Collection entries
════════════════
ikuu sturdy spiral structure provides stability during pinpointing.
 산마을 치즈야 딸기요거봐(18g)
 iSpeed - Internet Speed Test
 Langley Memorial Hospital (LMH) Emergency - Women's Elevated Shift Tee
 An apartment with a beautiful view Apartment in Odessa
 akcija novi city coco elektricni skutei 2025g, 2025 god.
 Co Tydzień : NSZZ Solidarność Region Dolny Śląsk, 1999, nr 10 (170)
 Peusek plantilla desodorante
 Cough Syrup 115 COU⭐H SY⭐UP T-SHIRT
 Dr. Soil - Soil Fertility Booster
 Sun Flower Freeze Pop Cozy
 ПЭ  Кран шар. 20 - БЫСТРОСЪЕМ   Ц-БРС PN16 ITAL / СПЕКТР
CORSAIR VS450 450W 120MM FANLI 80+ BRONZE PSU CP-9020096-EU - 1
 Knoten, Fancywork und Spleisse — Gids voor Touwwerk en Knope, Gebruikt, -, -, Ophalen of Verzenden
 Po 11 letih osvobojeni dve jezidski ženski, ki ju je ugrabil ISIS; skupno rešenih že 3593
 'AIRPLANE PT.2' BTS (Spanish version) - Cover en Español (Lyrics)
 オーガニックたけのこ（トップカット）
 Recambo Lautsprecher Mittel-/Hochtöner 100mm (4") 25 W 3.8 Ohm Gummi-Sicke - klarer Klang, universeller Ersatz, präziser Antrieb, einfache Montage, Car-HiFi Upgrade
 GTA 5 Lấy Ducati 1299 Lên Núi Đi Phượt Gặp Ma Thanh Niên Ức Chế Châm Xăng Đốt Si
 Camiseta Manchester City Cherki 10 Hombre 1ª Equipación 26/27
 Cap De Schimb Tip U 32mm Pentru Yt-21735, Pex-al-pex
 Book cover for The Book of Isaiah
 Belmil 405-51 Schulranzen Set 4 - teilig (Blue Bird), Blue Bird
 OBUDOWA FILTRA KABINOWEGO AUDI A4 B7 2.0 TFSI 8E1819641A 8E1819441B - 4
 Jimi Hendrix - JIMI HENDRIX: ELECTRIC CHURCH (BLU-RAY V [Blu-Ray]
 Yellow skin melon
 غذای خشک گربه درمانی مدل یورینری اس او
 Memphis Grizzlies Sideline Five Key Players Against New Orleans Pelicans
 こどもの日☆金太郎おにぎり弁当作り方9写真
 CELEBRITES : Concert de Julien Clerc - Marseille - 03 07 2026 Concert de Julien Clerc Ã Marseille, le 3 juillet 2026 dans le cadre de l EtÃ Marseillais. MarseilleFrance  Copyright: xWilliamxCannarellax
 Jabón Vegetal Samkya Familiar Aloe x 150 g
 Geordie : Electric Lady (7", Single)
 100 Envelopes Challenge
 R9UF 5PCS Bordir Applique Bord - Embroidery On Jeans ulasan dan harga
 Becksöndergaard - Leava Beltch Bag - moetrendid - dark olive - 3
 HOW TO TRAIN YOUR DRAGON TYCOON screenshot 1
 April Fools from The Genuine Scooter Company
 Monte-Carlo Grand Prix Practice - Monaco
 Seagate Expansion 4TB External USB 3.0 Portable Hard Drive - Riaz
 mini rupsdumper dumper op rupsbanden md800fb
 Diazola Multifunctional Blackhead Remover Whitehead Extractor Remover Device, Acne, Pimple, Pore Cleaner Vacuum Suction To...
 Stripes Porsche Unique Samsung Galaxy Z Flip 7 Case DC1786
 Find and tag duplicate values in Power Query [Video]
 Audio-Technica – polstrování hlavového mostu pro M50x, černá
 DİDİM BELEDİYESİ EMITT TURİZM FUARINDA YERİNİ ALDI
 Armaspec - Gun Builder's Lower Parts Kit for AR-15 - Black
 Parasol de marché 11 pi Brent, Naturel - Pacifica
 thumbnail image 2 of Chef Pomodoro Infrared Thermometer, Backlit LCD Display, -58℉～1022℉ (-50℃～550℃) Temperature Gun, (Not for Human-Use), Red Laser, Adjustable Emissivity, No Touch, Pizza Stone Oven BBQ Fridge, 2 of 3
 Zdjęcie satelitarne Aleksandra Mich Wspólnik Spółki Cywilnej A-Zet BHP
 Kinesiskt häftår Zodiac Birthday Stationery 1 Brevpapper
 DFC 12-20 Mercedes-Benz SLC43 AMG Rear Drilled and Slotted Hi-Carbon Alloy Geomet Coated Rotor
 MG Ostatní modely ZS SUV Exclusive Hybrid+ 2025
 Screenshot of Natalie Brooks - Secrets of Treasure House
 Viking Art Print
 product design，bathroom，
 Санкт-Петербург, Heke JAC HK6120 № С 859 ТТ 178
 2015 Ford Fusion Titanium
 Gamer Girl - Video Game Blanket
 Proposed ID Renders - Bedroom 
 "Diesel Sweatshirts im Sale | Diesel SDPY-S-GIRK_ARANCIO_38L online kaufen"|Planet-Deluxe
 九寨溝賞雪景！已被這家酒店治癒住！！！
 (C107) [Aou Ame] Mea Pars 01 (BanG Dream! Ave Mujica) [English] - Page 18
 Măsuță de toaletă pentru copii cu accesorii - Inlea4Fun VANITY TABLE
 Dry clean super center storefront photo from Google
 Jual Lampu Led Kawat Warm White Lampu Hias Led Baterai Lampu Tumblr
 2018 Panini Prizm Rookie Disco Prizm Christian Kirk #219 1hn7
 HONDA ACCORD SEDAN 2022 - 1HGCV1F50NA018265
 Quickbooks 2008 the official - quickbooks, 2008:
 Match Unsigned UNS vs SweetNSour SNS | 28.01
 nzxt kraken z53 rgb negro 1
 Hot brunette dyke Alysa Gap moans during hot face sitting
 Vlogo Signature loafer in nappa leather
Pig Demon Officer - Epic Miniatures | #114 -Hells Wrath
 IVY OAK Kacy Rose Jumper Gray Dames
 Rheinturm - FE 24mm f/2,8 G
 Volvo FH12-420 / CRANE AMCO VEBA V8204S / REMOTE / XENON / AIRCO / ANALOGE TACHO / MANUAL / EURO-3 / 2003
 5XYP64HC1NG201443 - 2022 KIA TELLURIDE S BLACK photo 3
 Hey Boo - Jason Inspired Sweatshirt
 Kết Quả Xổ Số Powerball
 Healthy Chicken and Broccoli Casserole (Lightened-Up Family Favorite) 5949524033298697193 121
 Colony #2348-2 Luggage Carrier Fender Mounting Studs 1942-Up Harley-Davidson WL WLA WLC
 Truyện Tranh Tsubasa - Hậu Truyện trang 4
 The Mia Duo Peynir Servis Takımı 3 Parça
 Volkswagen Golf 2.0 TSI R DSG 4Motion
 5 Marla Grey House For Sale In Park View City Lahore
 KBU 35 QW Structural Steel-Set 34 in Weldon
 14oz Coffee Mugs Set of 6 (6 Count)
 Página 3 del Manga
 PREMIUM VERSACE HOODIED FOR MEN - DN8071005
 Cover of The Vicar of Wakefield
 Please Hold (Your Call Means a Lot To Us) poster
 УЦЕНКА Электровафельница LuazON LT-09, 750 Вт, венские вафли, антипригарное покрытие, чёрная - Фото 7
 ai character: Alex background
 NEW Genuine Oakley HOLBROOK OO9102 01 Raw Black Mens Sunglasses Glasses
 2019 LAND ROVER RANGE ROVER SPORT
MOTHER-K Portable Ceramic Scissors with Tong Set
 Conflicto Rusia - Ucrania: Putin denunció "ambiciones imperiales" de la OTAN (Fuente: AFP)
════════════════
Copy only this part of the entries above: the line with "غذای خشک گربه درمانی مدل یورینری اس او", the line with "R9UF 5PCS Bordir", and the lines between, all exactly as written.

## Output for this exercise:
 غذای خشک گربه درمانی مدل یورینری اس او
 Memphis Grizzlies Sideline Five Key Players Against New Orleans Pelicans
 こどもの日☆金太郎おにぎり弁当作り方9写真
 CELEBRITES : Concert de Julien Clerc - Marseille - 03 07 2026 Concert de Julien Clerc Ã Marseille, le 3 juillet 2026 dans le cadre de l EtÃ Marseillais. MarseilleFrance  Copyright: xWilliamxCannarellax
 Jabón Vegetal Samkya Familiar Aloe x 150 g
 Geordie : Electric Lady (7", Single)
 100 Envelopes Challenge
 R9UF 5PCS Bordir Applique Bord - Embroidery On Jeans ulasan dan harga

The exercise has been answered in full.